Other materials stories that may be of interest

Published on October 20th, 2015 | By: April Gocha, PhD

[Image above] Credit: NIST


Utah researchers create LEDs from food waste

University of Utah researchers have successfully turned food waste such as discarded pieces of tortilla into carbon dots, and subsequently, LEDs. The team employed solvothermal synthesis, placing soft drinks and pieces of bread and tortilla in a solvent and using pressure and high temperature to generate carbon dots. Finally, the dots were suspended in epoxy resins, heated, and hardened to solidify the dots for practical use in LEDs.


Patterning oxide nanopillars at the atomic scale by phase transformation

Researchers at Tohoku University’s Advanced Institute for Materials Research have carried out a collaborative study aimed at precisely controlling phase transformations with high spatial precision. The team applied a focused STEM electron beam to irradiate SrNbO3.4 crystals and demonstrated precise control of a phase transformation from layered SrNbO3.4 to perovskite SrNbO3 at the atomic scale.


New crystal captures carbon from humid gas

Scientists at Stockholm University have created a stable and recyclable material, where the micropores within the crystal have different adsorption sites for carbon dioxide and water. The new material is a copper silicate crystal called SGU-29 and is the result of international cooperation. The material could be used for capturing carbon dioxide from the atmosphere, and especially to clean emissions.

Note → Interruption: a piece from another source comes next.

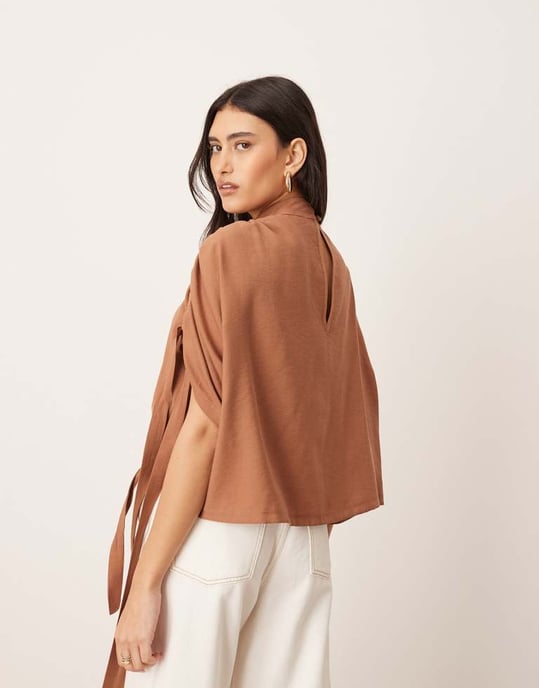 ARRANGE slouchy topp med dragsko i mocha - Image 4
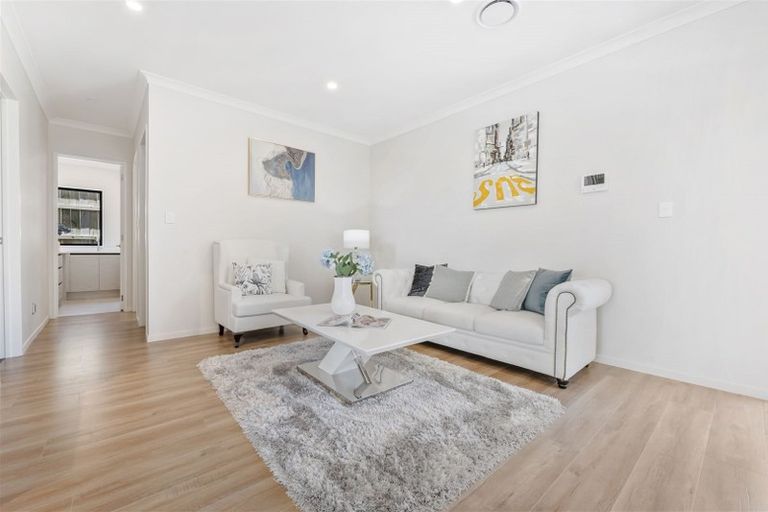 Photo of property in 3 Elevation Street, Flat Bush, Auckland, 2019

Methodology could lead to more sustainable manufacturing systems

Engineers at Oregon State University have developed a new “sustainable development methodology” to help address a social and regulatory demand for manufacturing processes that more effectively consider their economic, environmental, and social impacts. The work outlines a way to help designers and manufacturing engineers carefully consider all the ramifications of their design decisions, and to evaluate the possible different ways that a product could be built—before it ever hits the assembly line.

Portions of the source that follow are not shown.